Congratulations to the teachers and school board in DeKalb School District 428 for finding common ground on a new three-year teachers’ contract.
The agreement, ratified Sunday by the DeKalb Classroom Teachers’ Association and Tuesday by the District 428 board, will freeze teachers’ salaries for this school year, then award them annual raises which, in most cases, will provide a 1.1 percent pay scale increase and a 2.12 percent “step” increase in 2014-15, and the step increase along with a 1.25 percent pay scale increase in 2015-16.
It looks as though both sides compromised on the salary issues, although the district was forced to relent on a request for teachers to work for 45 minutes before and after classes are in session – a standard practice in several other districts in this area.
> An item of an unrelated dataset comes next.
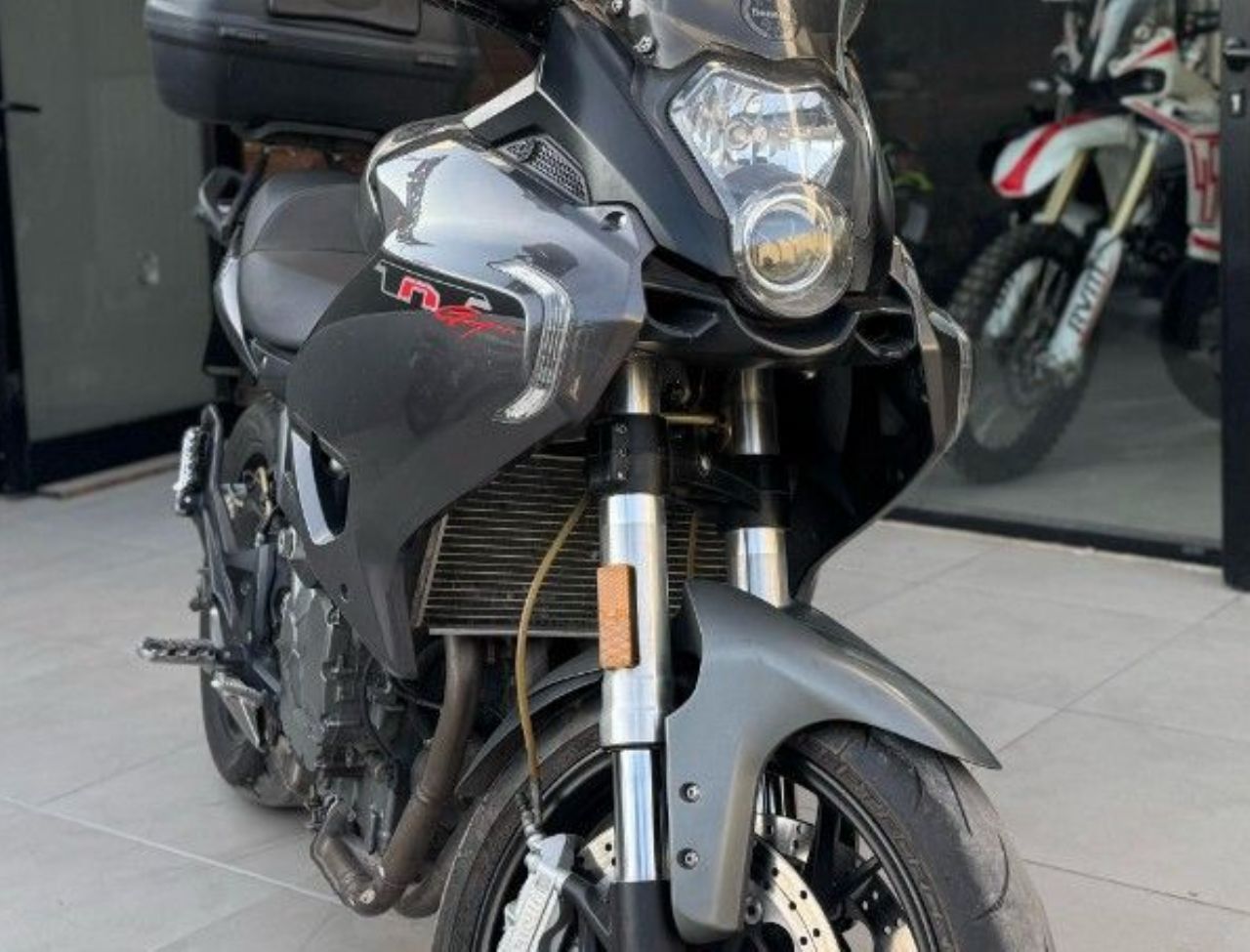 Benelli TNT Usada en San Juan, deRuedas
As we said before the contract deal was reached, a strike would have been a failure by both sides and would have been detrimental to students, teachers and the community at large. If the day comes when teachers’ strikes are banned, it will be a good one for Illinois.
Now that school board members have some idea of what labor costs will be in the years ahead, their next challenges will be aligning expenses with revenues, and deciding how to use a $21 million construction grant the district was awarded from the state of Illinois in October 2010. District officials have been considering how they will spend the money since early 2011.
One solution that should not be dismissed is to rebate the money to property taxpayers, who agreed to pay higher taxes in a $110 million bond referendum in 2008.
Of course, the district can use the funds however officials want, but using it to cover operating deficits and maintain the status quo hardly seems in keeping with the spirit of such a large construction grant.
District 428, like many others in the area, has been deficit spending, and will do so again this year to the tune of $2.7 million. It’s fair to say that the state of Illinois is not doing enough in supporting local education – the state will provide only 89 percent of the “baseline” it has set for per-student funding this year.
However, given the financial woes our state faces, it would be foolish to presume that will change any time soon.
Crafting a balanced budget is difficult but necessary work. Now that school board members know the cost of teachers’ labor and the hours they are willing to work, they can start considering the necessary, difficult choices.